NFWMT Specs

Mateusz · Mateusz · commit 563a225a73cd · 2025-12-29T18:40:07.000+01:00
diff --git a/.kiro/specs/non-forwardable-message-tagging/research.md b/.kiro/specs/non-forwardable-message-tagging/research.md
@@ -66,7 +66,7 @@
   - The design should treat message provenance (client history vs server injection) as an internal concept during backend request composition, rather than trusting message metadata from clients.
 
 ### Legacy Removal Requirement
-- **Context**: NFR5.* requires removal of regex-based non-forwardable mechanisms and forbids compatibility fallbacks.
+- **Context**: Requirement 13.1-13.3 requires removal of regex-based non-forwardable mechanisms and forbids compatibility fallbacks.
 - **Findings**:
   - Relevant legacy/fragile enforcement candidates include:
     - `src/security.py::ProxyCommandFilter` usage for stripping proxy commands from outbound prompts.
@@ -79,9 +79,9 @@
 
 | Option | Description | Strengths | Risks / Limitations | Notes |
 |--------|-------------|-----------|---------------------|-------|
-| Extend existing redaction/regex filters | Keep filtering in request transform pipeline | Minimal wiring changes | Fail-open semantics; incomplete coverage of internal backend calls; violates NFR5 | Rejected |
+| Extend existing redaction/regex filters | Keep filtering in request transform pipeline | Minimal wiring changes | Fail-open semantics; incomplete coverage of internal backend calls; violates 13.1-13.3 | Rejected |
 | **Service + boundary enforcement (Option B)** | New registry + identity service; enforce inside backend completion flow | Single enforcement point; covers retries/steering; wire capture correctness | Requires cross-cutting integration for tagging and injection provenance | **Selected** |
-| Hybrid (temporary dual behavior) | Keep legacy as fallback while introducing new mechanism | Lower migration risk | Explicitly forbidden by NFR5.2 and alpha finality | Rejected |
+| Hybrid (temporary dual behavior) | Keep legacy as fallback while introducing new mechanism | Lower migration risk | Explicitly forbidden by 13.2 and alpha finality | Rejected |
 
 ## Design Decisions
 
@@ -108,7 +108,7 @@
 - **Follow-up**: Decide whether to store tags in `SessionState` or a dedicated repository model; ensure repository update semantics are safe under concurrent requests.
 
 ### Decision: Alpha Finality and Legacy Deletion
-- **Context**: NFR5.* requires removal of regex-based non-forwardable filtering and forbids fallbacks/backward compatibility.

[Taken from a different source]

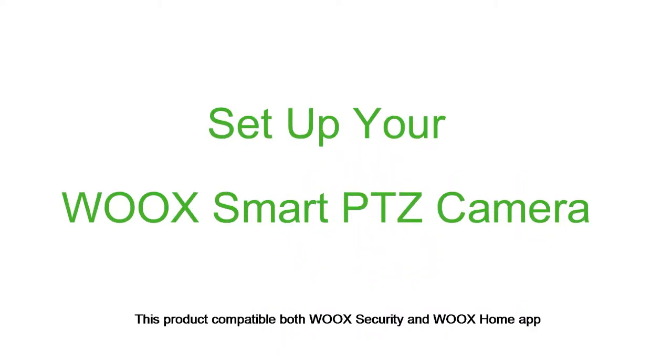This product is compatible with both Wux Security and Wux Home App. Wux Security App is recommended for security items like camera, sensors, lock, etc.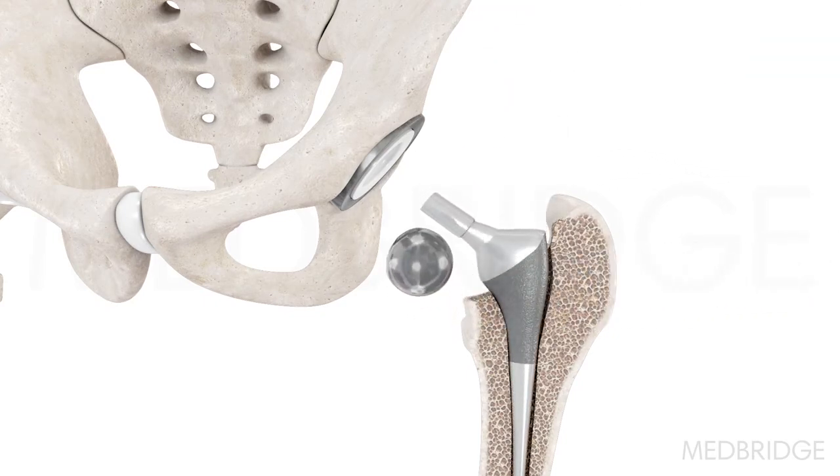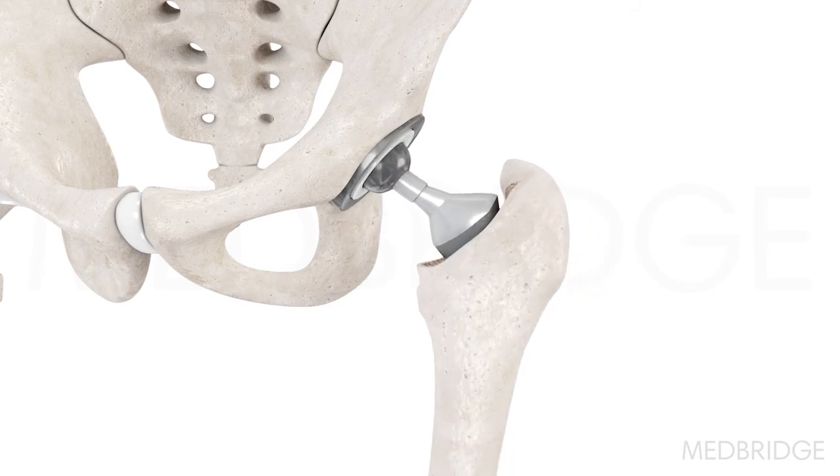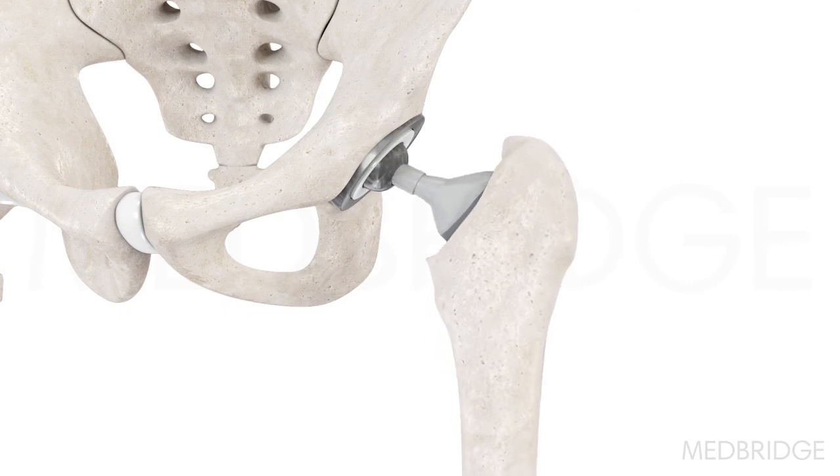A ball is attached to the femoral stem, which is carefully measured for each patient. The hip is relocated, and the surrounding tissues are repaired.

+- **Context**: Requirement 13.1-13.3 requires removal of regex-based non-forwardable filtering and forbids fallbacks/backward compatibility.
 - **Selected Approach**: Remove legacy enforcement code paths and their tests; update behavior to rely solely on message tagging + boundary enforcement.
 - **Follow-up**: Ensure no remaining regex-based non-forwardable enforcement or “compat” toggles exist post-implementation.
 
@@ -119,7 +119,7 @@
   - Backend-call filter/enforcer: `Singleton` (stateless; uses registry)
 
 ### Decision: Error Handling Strategy
-- **Context**: Requirement 7.3 and NFR2.1 require fail-closed behavior when filtering cannot be safely performed.
+- **Context**: Requirement 7.3 and requirement 10.1 require fail-closed behavior when filtering cannot be safely performed.
 - **Selected Approach**:
   - Introduce a dedicated `LLMProxyError` subclass for non-forwardable enforcement failures (internal error → fail before backend call).
   - Introduce a client-visible structured error for “no forwardable content” (requirement 5.3).
@@ -152,4 +152,3 @@
 - Error hierarchy: `src/core/common/exceptions.py`
 - Backend orchestration: `src/core/services/backend_completion_flow/service.py`
 - Session domain model: `src/core/domain/session.py`
-
diff --git a/.kiro/specs/non-forwardable-message-tagging/tasks.md b/.kiro/specs/non-forwardable-message-tagging/tasks.md
@@ -0,0 +1,168 @@
+# Implementation Plan
+
+- [ ] 1. Define tagging contracts, errors, and configuration
+- [ ] 1.1 Define non-forwardable tag contracts and scope values
+  - Introduce a domain representation for non-forwardable scope with `never_forward` and `client_history_only`.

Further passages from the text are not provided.